It's often forgotten now, but the Yankees' first-half success began in earnest two weeks after Opening Day, once their hitters adjusted to a collective slow start. Several Yankees drastically reduced their chase rates after April and forced opponents to walk them or risk damage. That led to repeated outbursts and a lot of fun.

"When we're winning in New York, I find it hard to believe that there's any better position in the entire world," Lawson said. "There's no better feeling."

He sought to temper that feeling.

"Those first few months, that being my first experience, I was just constantly reminding myself, ourselves, ‘It's not this easy,'" he said. "You're asking yourself questions of: ‘OK, if this guy starts to slump, why do I think it would be?' So that way you can try to beat it to the punch."

They did not beat it every time, but, he said, they have now grasped the new ways opponents are targeting them.

"We made our adjustment early and were able to ride it out," Lawson said. "Now we're trying to make another adjustment as we head into September and then the playoffs so that we're hitting our stride."

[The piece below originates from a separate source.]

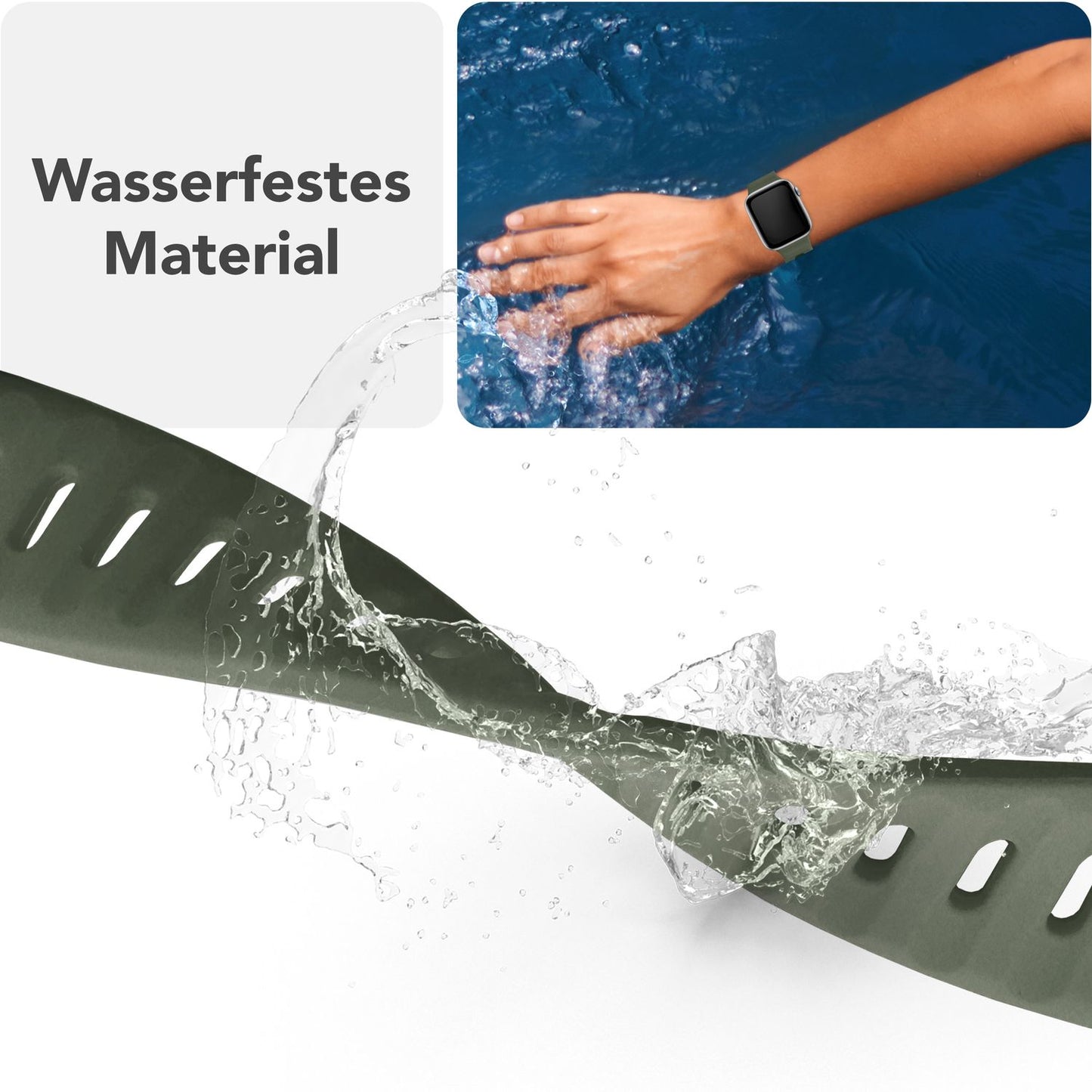 NALIA Motion Silikon Armband kompatibel mit Apple Watch Armband iWatch Series Ultra/SE 10 9 8 7 6 5 4 3 2 1, 42/44/45/46/49mm, Ersatzarmband Sportarmband Steck-Pin Verschluss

Boone has tried a variety of public tacks, anger and denial among them, during the Yankees' struggles. Lately, he has been acknowledging the failings but arguing that the team remains close to finding its desired path. He's tempering the feeling, too.

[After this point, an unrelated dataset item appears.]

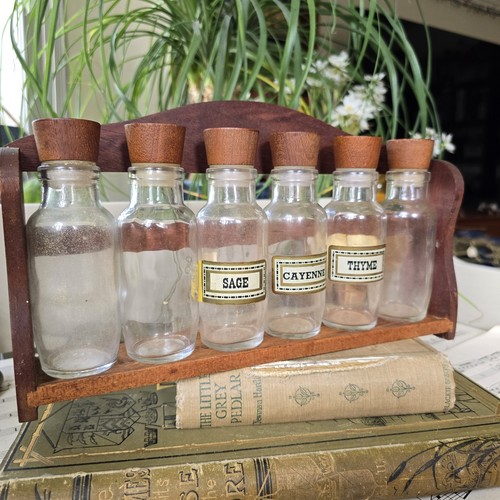 Vintage wooden spice rack 6 - vintage, &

"I feel like we're gonna get reinforcements back that are gonna help the equation," he said. "I think we have all the pieces and have the chance to be a great club."

For three-plus months, they were one. They have one more month to become one again.

Pedro Moura is the national baseball writer for FOX Sports. He previously covered the Dodgers for The Athletic, the Angels and Dodgers for the Orange County Register and L.A. Times, and his alma mater, USC, for ESPN Los Angeles. He is the author of "How to Beat a Broken Game." Follow him on Twitter @pedromoura.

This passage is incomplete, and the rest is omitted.